Many years ago one had to put water in a pan, wait for it to boil and then add rolled oats. After stirring for a bit (I’m not quite old enough to remember how long it took) you would get oatmeal. Then Quaker came along with Quick Quaker Oats. Essentially the same preliminaries, they just cooked in a couple of minutes. Then, thanks to NASA, the microwave was born and
making oatmeal could be done in a single bowl in about two minutes. And oatmeal is only the tip of the iceberg. Since the 60’s the US has been hell bent on bringing K rations to the American table in the name of saving time. It certainly can’t be because veterans so loved the things that they missed them.
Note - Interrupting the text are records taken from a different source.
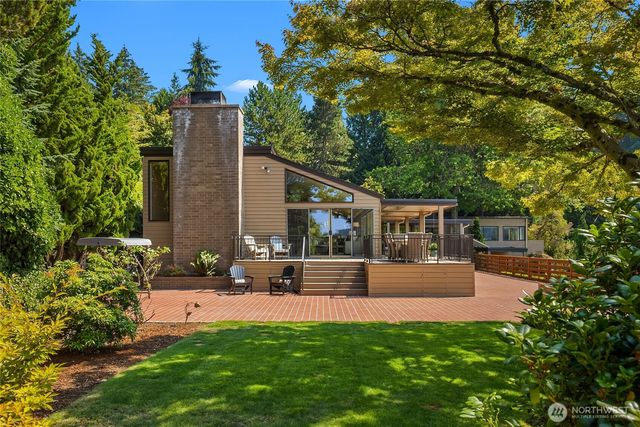 5919 77th Avenue SE, Mercer Island, WA 98040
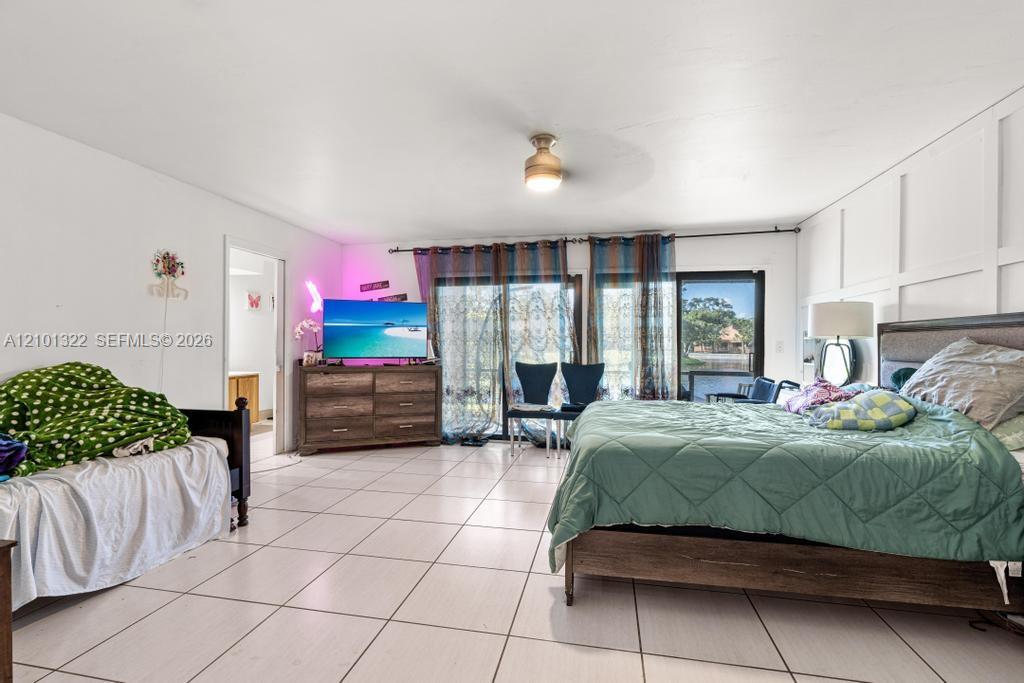 6185 Live Oak Court C Property Photo 17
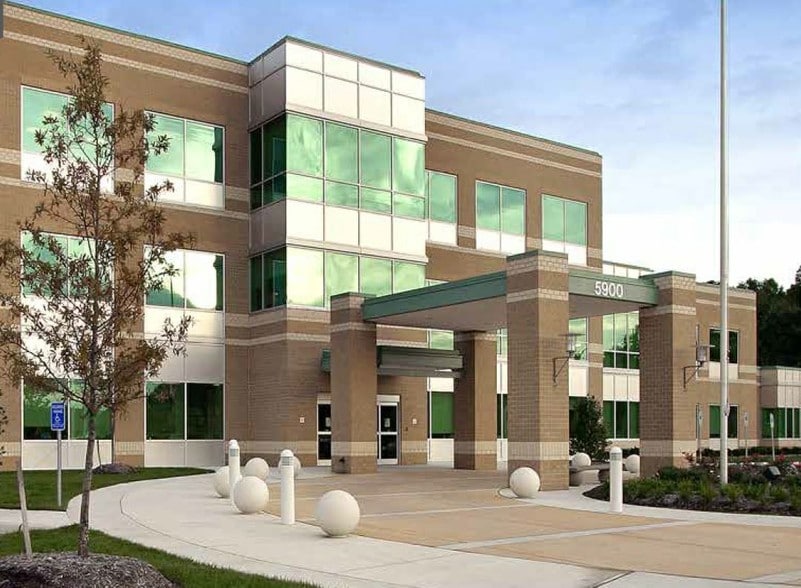 More Photos Of 5900 Lake Wright Dr, Norfolk Medical For Lease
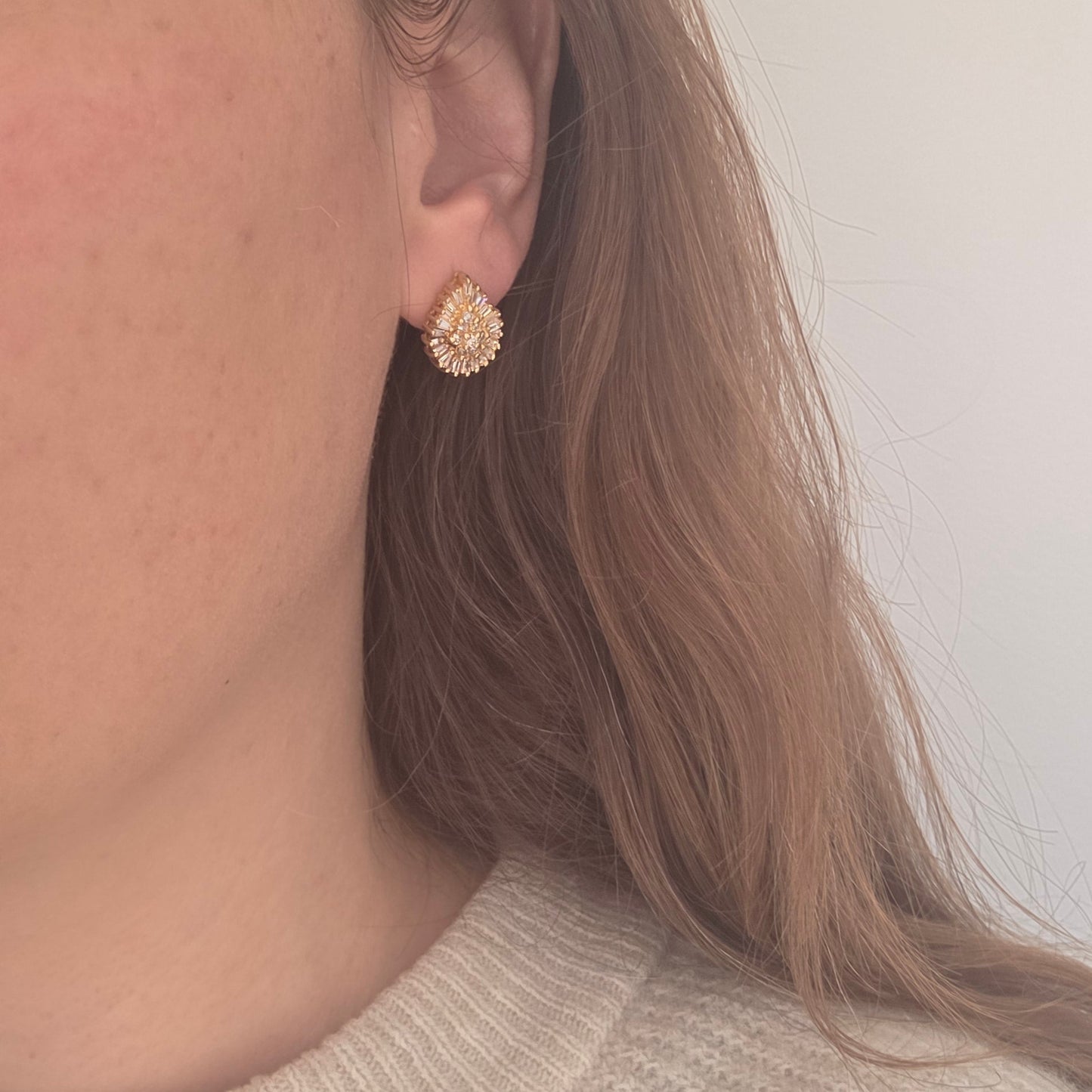 Vintage 14k gold diamond stud earrings pear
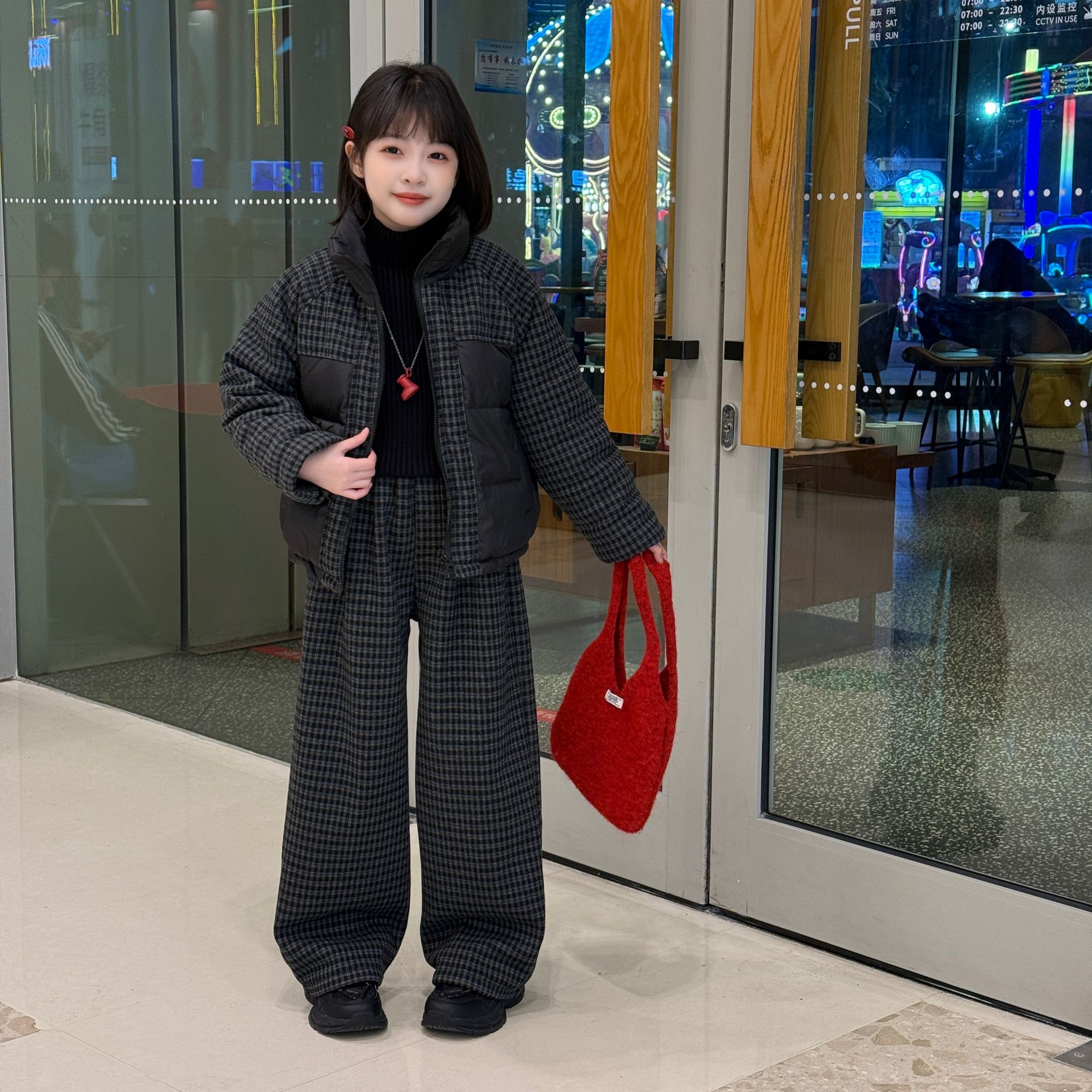 女童格子棉服套装冬季加绒加厚2025新款洋气中大童冬款儿童两件套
Seriously, it was the birth of the movement to make Americans slaves to time. They have slowly but surely sold the idea that we need to pack as much as we can into every waking moment, efficiently using every second to maximize our return on our time investment. Work, where this greedy monster was born, obviously led the way. We can thank ole Henry Ford for that one. While this concept has some very valid and useful points, the problem came when it became the sole reason, the dictator of business operation — maximized throughout with the enhanced bottom line. Yeah, baby, that will make your business thrive, providing management also takes into consideration the fact that the people who do the work are not just another piece of machinery.
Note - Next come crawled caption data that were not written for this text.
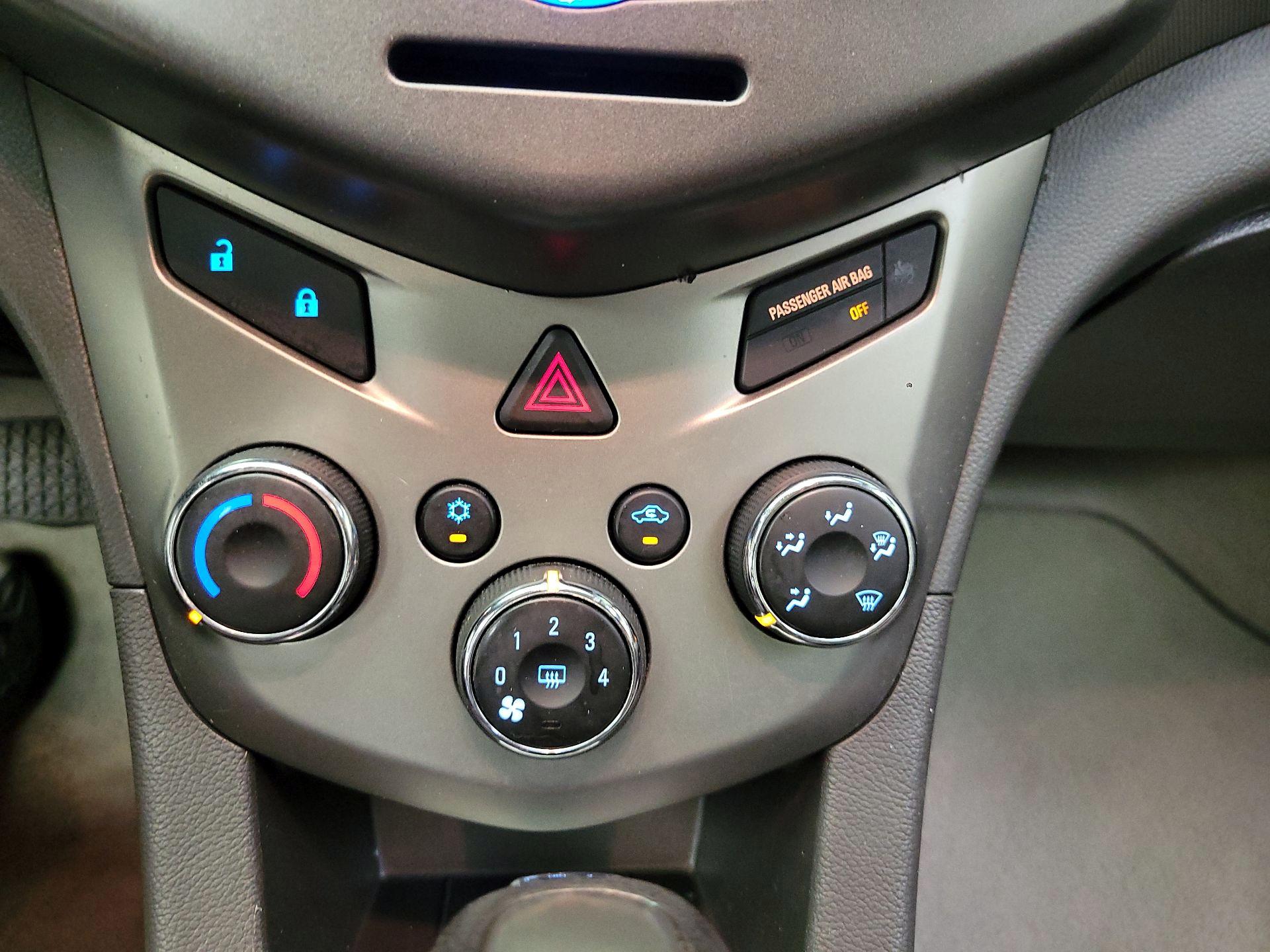 Thumbnail: 2015 Chevrolet Sonic - 15
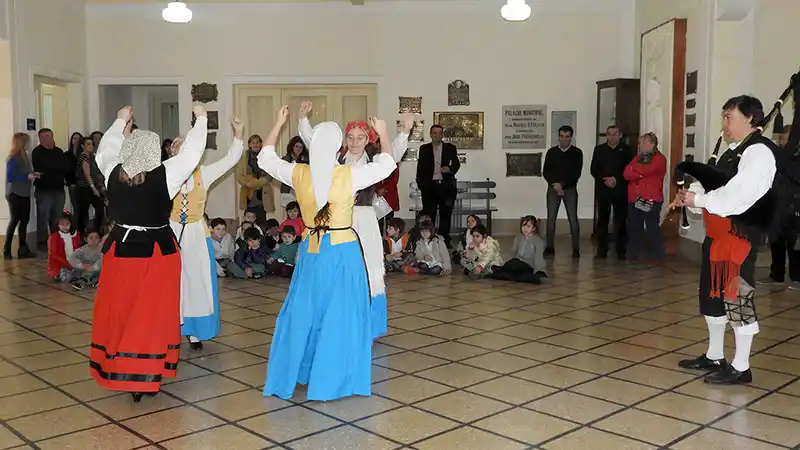 Finaliza con la tradicional paella, música y danzas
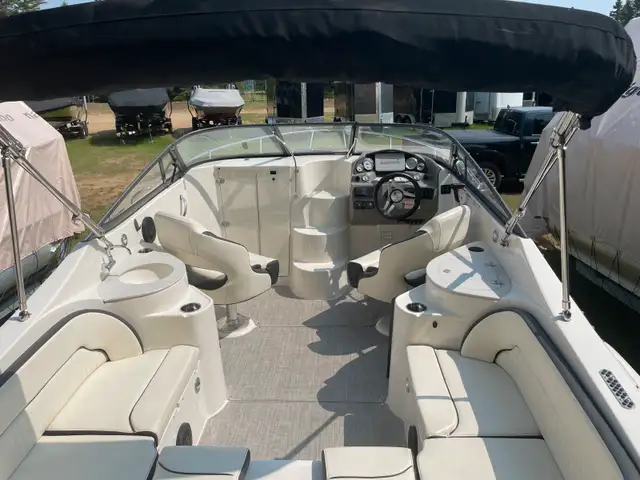 Bateau Stingray 250CR, 2020 in Powerboats & Motorboats in Laval / North Shore - Image 6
That is the part that has been taken out of the equation over the past 30 years: People are not machines. Nor do machines totally run themselves. Nor can machines do everything. The respect for the efforts of labor has been degraded to the point where it is treated like a commodity. If you don’t like working here, you can and will be replaced. And with the population rising and the number of jobs falling it is true. Someone can always be found who is so desperate for a job that they are willing to do just about anything to put food on the table.
This worship of saved time is an aspect of the recovery of America has to be revisited. Instant gratification is killing us. Our corporations have to return to balancing short-term profits against long term sustainability. This doesn’t just apply to things like safety and environmental impact but also to building a working partnership between labor and management that is mutually beneficial and respects both. The obscene disparity between top management compensation and labor wages has to end. The idea that labor is disposable has to end. The really bad part is that it has taken 30 years for this high profit, right now school of management to become ingrained in our business society and there appears to be no reason that management would willingly revise their attitude.
It will probably take a major economic collapse and it will happen. The present system is unsustainable. History has proven it many times. A civilized intelligent society monitors itself and works to keep the pendulum from shifting too far in either direction. Our pendulum has been forced so far right that when it cuts loose it will be more of a wrecking ball, and with the Republicans back in control of the House, I foresee the pendulum being forced even further right, accelerating the impending crash timeline.
It is real difficult to fix major problems fast enough to satisfy the instant society we have become. But the bad things? Yup, those can happen overnight. Just take a shaky economy, add Republicans and you won’t even need a microwave.